> _Materials provided_
BEGIN

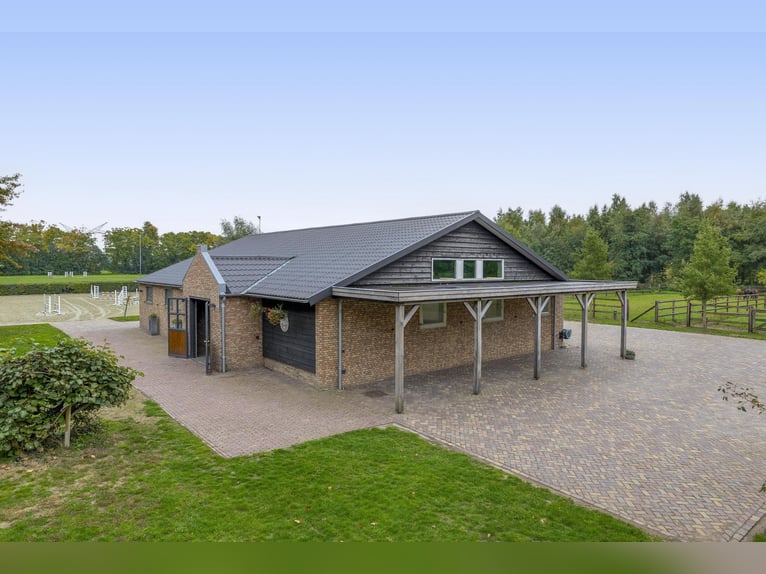 A beautiful location for horse happiness!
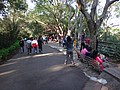 DSC01258.JPG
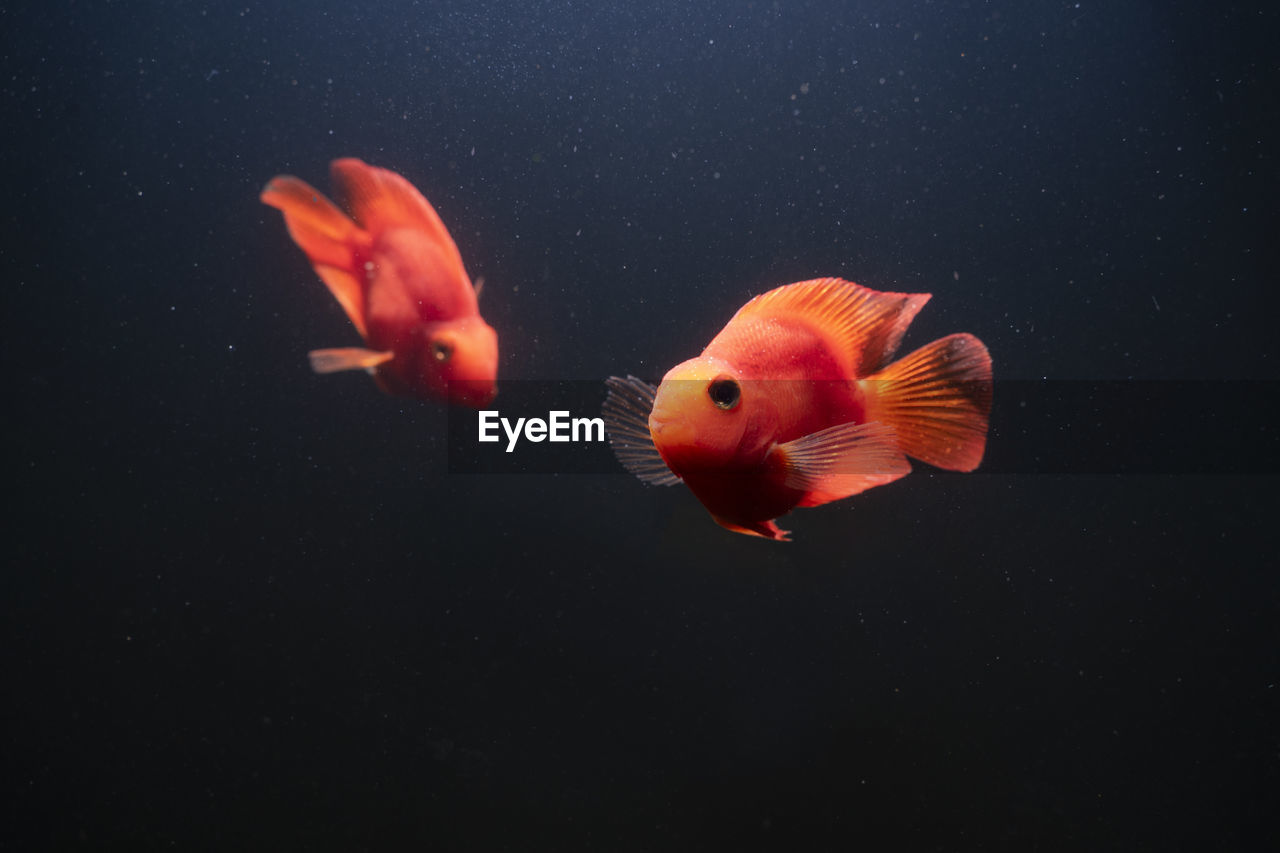 Red blood parrot cichlid fish are swimming on dark background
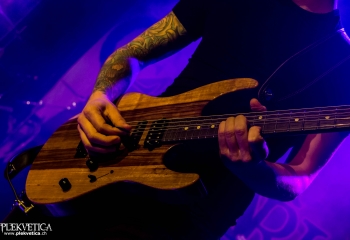 Cellar Darling - Photo By Marc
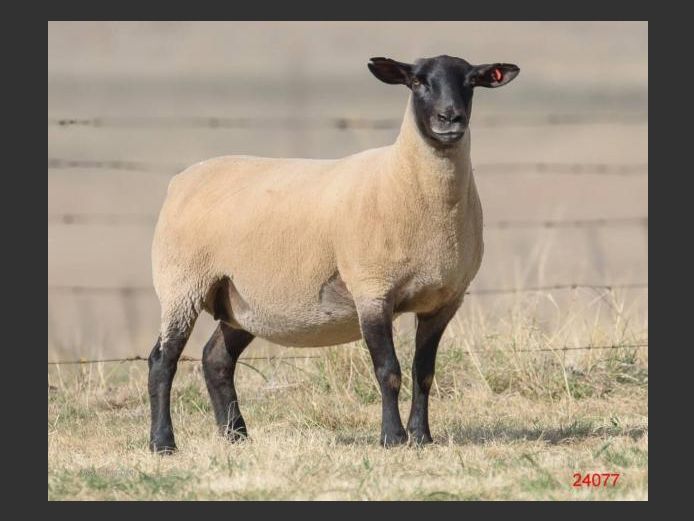 371240077 | DRAVLEIS SUFFOLK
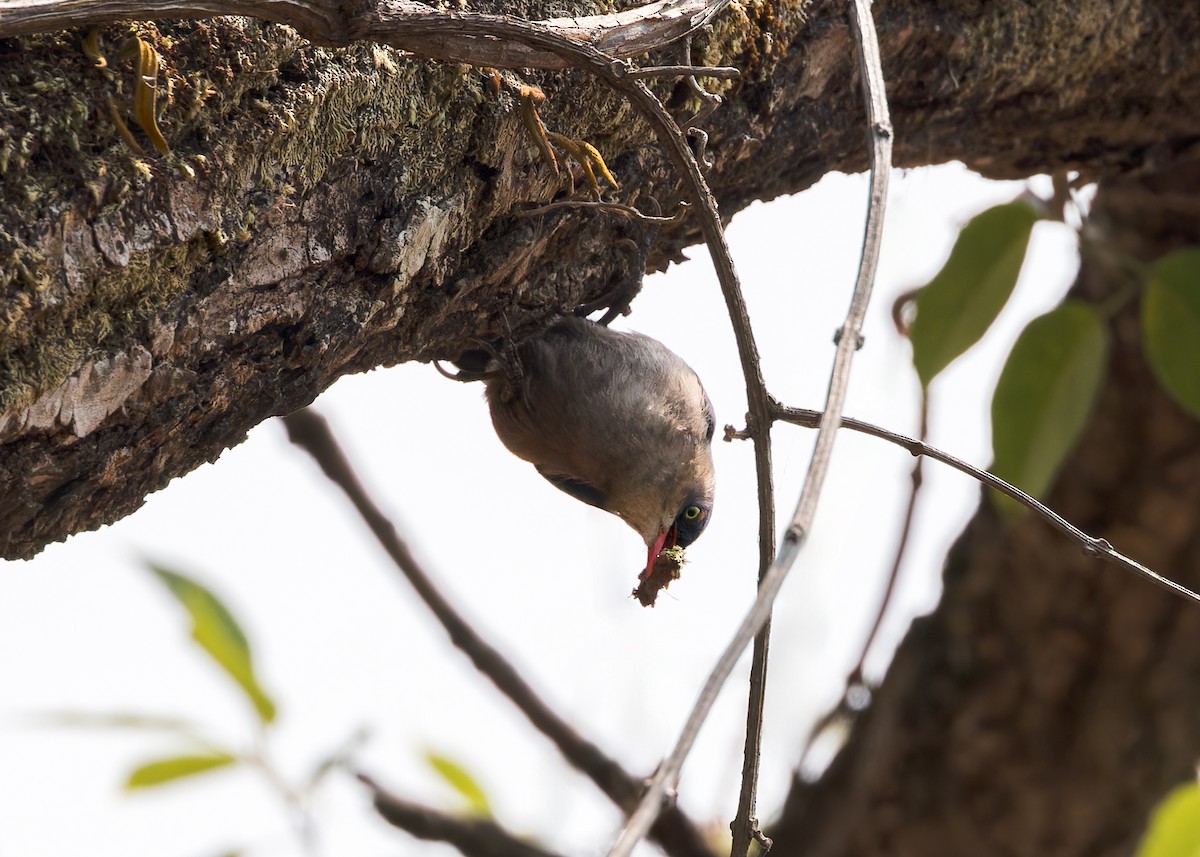 Velvet-fronted Nuthatch - Ma Yan Bryant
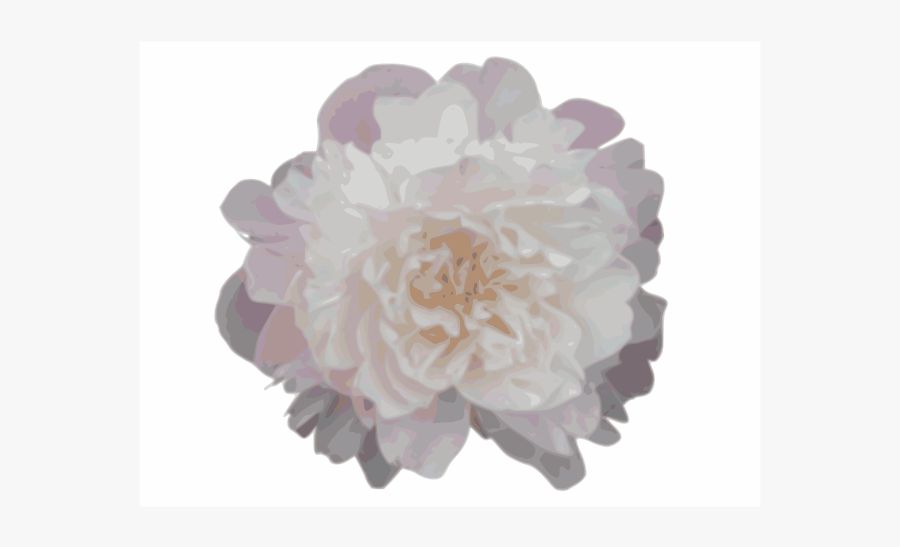 Pink Peony - Dahlia, Transparent Clipart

END

Return the complete material above exactly, with no picture.

> _Task answer_
 A beautiful location for horse happiness!
 DSC01258.JPG
 Red blood parrot cichlid fish are swimming on dark background
 Cellar Darling - Photo By Marc
 371240077 | DRAVLEIS SUFFOLK
 Velvet-fronted Nuthatch - Ma Yan Bryant
 Pink Peony - Dahlia, Transparent Clipart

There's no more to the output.